A thing that someone daring in EUTZ might want to try: Using perf probe, or by modifying the bpfcc-memleak script, or by writing a trivial bpftrace script: attach a tracepoint to memcg_schedule_kmem_cache_create and gather calling stacktraces. That's the function that creates the work item that results in a worker thread calling memcg_create_kmem_cache, as seen in the stack traces we saw for 32-byte mallocs.

Joe triaged this task as Unbreak Now! priority.Aug 13 2020, 5:51 AM
Joe subscribed.

I'm not 100% sure that slabs are the problem here, but I'll try to followup later.

In the meantime, the servers we've rebooted yesterday are definitely showing the same behaviour again. This means that in a week we'll have to reboot them all again.

I am therefore:
1 - raising this task to UBN! priority, as this has the potential to disrupt the work of all SREs constantly
2 - focusing on looking at what was changed on August 4th in the morning, mostly in code, and try to rule out stuff. This might result in some reverts.
3 - Trying to build better automation around the task of rebooting a large fleet of servers.

Also adding tags for platform engineering and wikidata as the two potentially worrisome code changes regard Score's enablement and a change to Wikibase.

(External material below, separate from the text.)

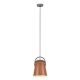 LEGNA Pendant Lamp Light Interior ES Salem Oak Ellipse OD225mm
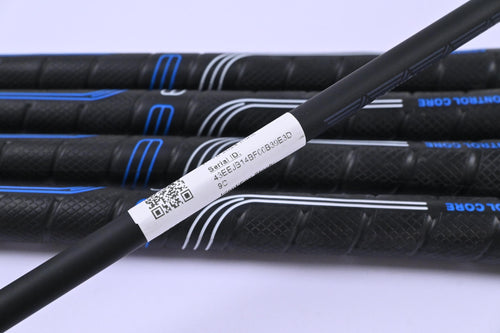 Left Hand Taylormade P770 2024 Irons / 6-PW / Stiff Flex Fujikura Travil 85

Mentioned in SAL (#wikimedia-operations) [2020-08-13T08:43:31Z] <_joe_> downgrading imagemagick on mw1378 T260281

attach a tracepoint to memcg_schedule_kmem_cache_create and gather calling stacktraces. That's the function that creates the work item that results in a worker thread calling memcg_create_kmem_cache, as seen in the stack traces we saw for 32-byte mallocs.

I've installed systemtap on mw1357 and started instrumenting memcg_create_kmem_cache. The function does not seem to be called at present? Same goes for memcg_create_kmem_cache.

root@mw1357:~# stap -ve 'probe kernel.function("memcg_schedule_kmem_cache_create") { print_backtrace() ; exit() }'
Pass 1: parsed user script and 477 library scripts using 153836virt/86440res/6576shr/80088data kb, in 210usr/20sys/241real ms.
Pass 2: analyzed script: 1 probe, 2 functions, 0 embeds, 0 globals using 195668virt/129392res/7460shr/121920data kb, in 560usr/70sys/620real ms.
Pass 3: using cached /root/.systemtap/cache/8a/stap_8aaac3604a689cbbd6ae1226de2f15db_1317.c
Pass 4: using cached /root/.systemtap/cache/8a/stap_8aaac3604a689cbbd6ae1226de2f15db_1317.ko
Pass 5: starting run.
# ema's note: output stops here

To make sure that nothing basic is wrong with the systemtap setup I looked for icmp_reply, that does print a backtrace.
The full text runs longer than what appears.